"Shakin' All Over" is a song originally performed by Johnny Kidd & the Pirates. It was written by leader Johnny Kidd, and his original recording reached No. 1 on the UK Singles Chart in August 1960.  The song is sometimes credited to Frederick Albert Heath, which is Kidd's real name. Kidd's recording was not a hit outside Europe. In other parts of the world the song is better known by recordings from other artists.

A version by Chad Allan and the Expressions, later known as The Guess Who, was recorded in December 1964. It reached #1 in Canada in the spring of 1965, #22 in the US and #27 in Australia. Another famous recording by The Who was featured on their 1970 album Live at Leeds.

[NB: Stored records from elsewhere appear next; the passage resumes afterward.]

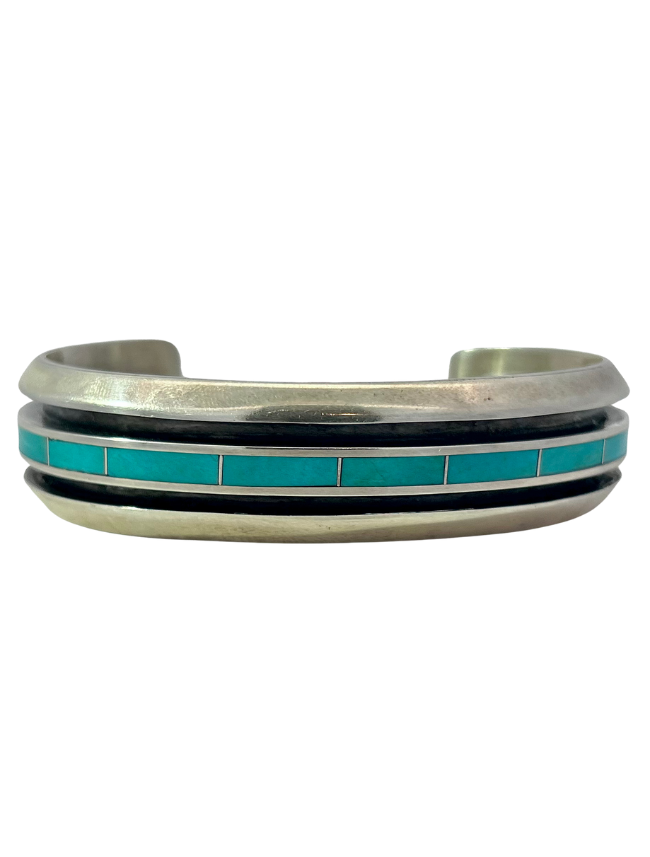 Front view of Lawrence Loretto Sterling Silver Inlay Cuff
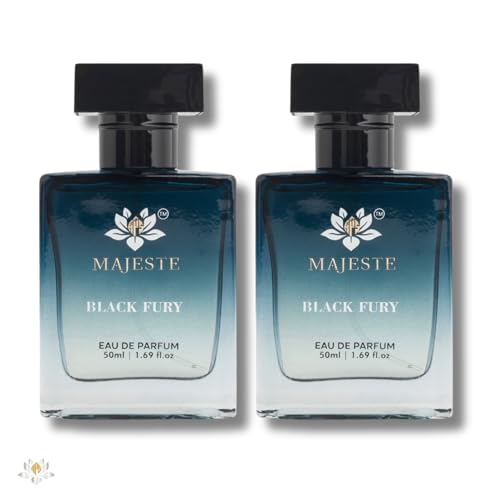 Image of BLACK FURY Unisex Eau De Parfum luxury Liquid Perfume With Lemon, Sage, Black Amber, Patchouli, Premium, Long Lasting, Citrus & Spicy Woodiness, 50ml - Pack of 2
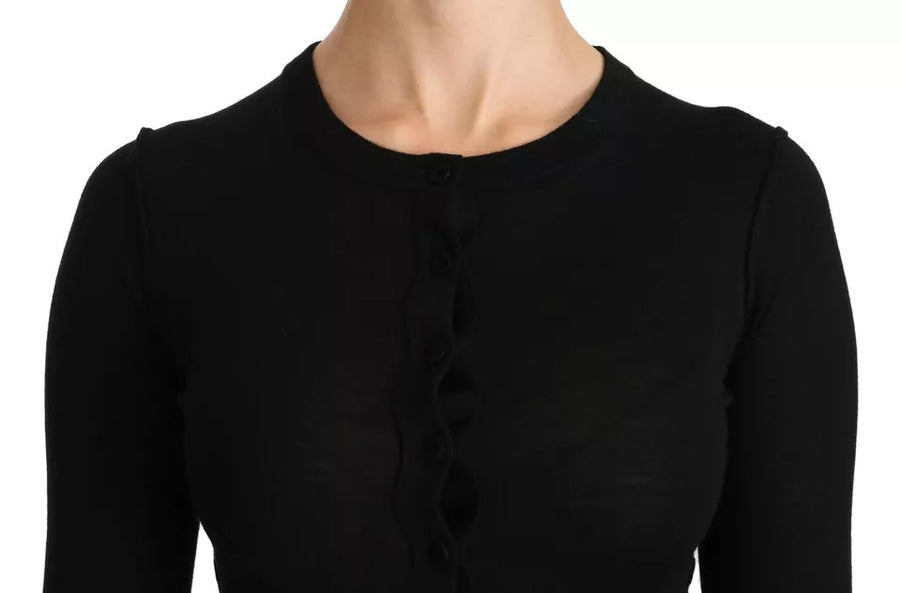 Dolce & Gabbana Black Virgin Wool Long Sleeve Top Blouse Top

Normie Rowe's 1965 version reached No. 1 in Australia as a double A-side with "Que Sera Sera".

History

Johnny Kidd version
The musicians who performed on the original recording were Johnny Kidd (vocals), Alan Caddy (rhythm guitar), Brian Gregg (bass), Clem Cattini (drums) and Joe Moretti (lead guitar). Kidd was quoted as saying: When I was going round with a bunch of lads and we happened to see a girl who was a real sizzler, we used to say that she gave us 'quivers down the membranes'. It was a standard saying with us referring to any attractive girl. I can honestly say that it was this more than anything that inspired me to write "Shakin' All Over".

The Twiliters version
In 1964, a band from Plattsburgh, New York called the Twiliters recorded a version of "Shakin' All Over" and released it on the B-side of a single. Bill Kennedy, the leader of the group, had heard the song while stationed in Germany with the US Air Force. The A-side was called "(Everybody's Goin' To) Rollerland" and the songs were recorded before a crowd at the local Rollerland skating rink. It was released by Empire Records and gained some regional success but did not chart.

The Guess Who version
The song gained more fame after it was recorded in Winnipeg in December 1964 by a group called Chad Allan and the Expressions. In the spring of 1965 the record became a #1 hit in Canada. The group's label Quality Records credited the artist as "Guess Who?" in an attempt to disguise their origin and hint that the group might be a British Invasion act. The actual name was revealed a few months later, but radio DJs continued to announce the artist as "Guess Who?". This prompted the group to change their name to The Guess Who. This version was also a #22 hit in the United States. In 1975 The Guess Who recorded a new song called "When The Band Was Singin' 'Shakin' All Over'".  Though it makes lyrical reference to the original, this is a distinctly different song.

Mae West Version
Actress and singer Mae West released a version of "Shakin' All Over" on the LP Way Out West, released in the US by Tower Records in 1966. In the UK it appeared on the Stateside label.

Normie Rowe version
The Guess Who's version also became a #27 hit in Australia, but another version became a national #1 hit in late 1965 for Normie Rowe.  Rowe's version (backed by "Que Sera Sera") was one of the biggest-selling singles of the decade in that country. Rowe had recorded his take on the song before The Guess Who, and based his release on a 1962 version by Johnny Chester.

The Who version

The song has been performed many times by The Who, starting in the 1960s, (sometimes in a medley with "Spoonful"). The best known performances were at Woodstock in 1969 and on Live at Leeds in 1970. In Randy Bachman's autobiography, he says that when he met Who bass player John Entwistle, he was told that people constantly got The Who and The Guess Who mixed up. Tired of being yelled at for not playing the song, the Who started playing it just to keep the crowd happy.  Bachman responded that the Guess Who had the same reasons for playing "My Generation". Entwistle, a fan of 1950s and 1960s rock and roll and rockabilly music, also performed the song with his solo band and incorporated a bass solo into the middle of the song, accompanied only by his drummer Steve Luongo.

Suzi Quatro version
Suzi Quatro included her version on her debut album, Suzi Quatro (1973).

Tin Machine version
Tin Machine included a live version in their single You Belong in Rock n' Roll (1991).

The Head Cat version
The Head Cat also recorded this song in their second studio album, Walk the Walk...Talk the Talk (2001).

Cows version 
Minneapolis noise rock band Cows featured a version titled "Shaking" on their second studio album Daddy Has a Tail! (1989)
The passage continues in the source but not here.